Criteria for Resolution:
1. Desperate Measures: The following actions qualify as desperate measures (but are rather an illustration of what can qualify and not an exhaustive list):
- Serious Crimes: Examples include terrorism, murder, significant physical harm, large-scale bribery, and politician blackmailing. Examples of non-qualifying crimes or actions include minor physical altercations, bullying, spreading disinformation, and calls for violence without further action.
- Suicide or Significant Self-Harm.
- Significantly Risky Scientific Experiments: Possible examples include deploying nanobots to destroy GPUs or conducting dangerous human trials on a large scale.
- War or War Threats.
- A Reliable Terrorism or Murder Threats.
- Significant Destruction of Intellectual Property: For example, deleting all copies of the weights of a proprietary frontier model.
- Other Actions: Any other actions strongly in the spirit of the above examples.
2. Explicit Motivation: The individual or group must explicitly state that their actions are motivated by concerns about AI-related risks.
Clarifications:
- Serious Crimes: Defined by legal standards in the relevant jurisdiction, with a focus on intent and impact.
- War or War Threats: Includes both official declarations and credible threats by recognized entities.
- Intellectual Property Destruction: Must involve substantial and irreplaceable loss to proprietary AI developments.
Additional Notes:
- New specific illustrative examples may be added later if they align with the spirit and intent of the defined measures.

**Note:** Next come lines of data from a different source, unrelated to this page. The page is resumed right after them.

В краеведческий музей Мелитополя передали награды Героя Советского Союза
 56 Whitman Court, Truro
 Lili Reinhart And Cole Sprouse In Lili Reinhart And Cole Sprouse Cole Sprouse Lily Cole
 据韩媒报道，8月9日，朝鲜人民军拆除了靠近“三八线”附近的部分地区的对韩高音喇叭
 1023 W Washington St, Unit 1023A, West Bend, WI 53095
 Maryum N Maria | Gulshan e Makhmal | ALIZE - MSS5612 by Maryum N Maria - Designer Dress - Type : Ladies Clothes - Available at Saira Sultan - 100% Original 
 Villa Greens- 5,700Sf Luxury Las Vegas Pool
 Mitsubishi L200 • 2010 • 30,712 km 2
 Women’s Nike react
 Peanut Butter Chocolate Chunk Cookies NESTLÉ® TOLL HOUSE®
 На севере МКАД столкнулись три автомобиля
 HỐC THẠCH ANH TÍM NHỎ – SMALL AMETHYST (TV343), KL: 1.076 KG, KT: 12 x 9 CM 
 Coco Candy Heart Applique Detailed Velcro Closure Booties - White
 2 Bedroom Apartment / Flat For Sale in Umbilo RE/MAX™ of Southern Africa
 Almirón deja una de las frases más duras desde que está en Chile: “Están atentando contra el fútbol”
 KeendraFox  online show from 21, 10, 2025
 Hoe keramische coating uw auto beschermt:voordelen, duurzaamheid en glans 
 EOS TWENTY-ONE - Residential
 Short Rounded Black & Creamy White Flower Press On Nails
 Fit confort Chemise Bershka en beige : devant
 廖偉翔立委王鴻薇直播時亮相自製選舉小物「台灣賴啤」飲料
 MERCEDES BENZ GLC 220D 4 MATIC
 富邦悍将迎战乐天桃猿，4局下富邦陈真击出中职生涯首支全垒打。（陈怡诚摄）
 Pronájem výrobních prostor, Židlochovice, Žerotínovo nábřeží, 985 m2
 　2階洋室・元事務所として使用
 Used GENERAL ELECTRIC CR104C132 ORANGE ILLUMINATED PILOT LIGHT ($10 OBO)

Does an AI itself count as "someone" for this? (That is, does this resolve Yes if an AI, motivated by AI risk, destroys major IP or commits a serious crime or credibly threatens to murder someone?)
(IIRC, there already was an AI that tried to convince its developers to delete their work/stop development over risks at some point.)
I have a bit trouble understanding what this is after, listing suicide, murder threats, nanobot deployment, and war as somehow comparable. If a single person commits suicide and writes in his letter that AI will destroy the world anyway, will this resolve positively? What about one anonymous bomb threat? Those will surely happen if they haven't happened already.
@JuhoPennanen 1. Yes. 2. No. I agree that technically it is a terrorism threat, but it is not a reliable threat. This should be added to the description.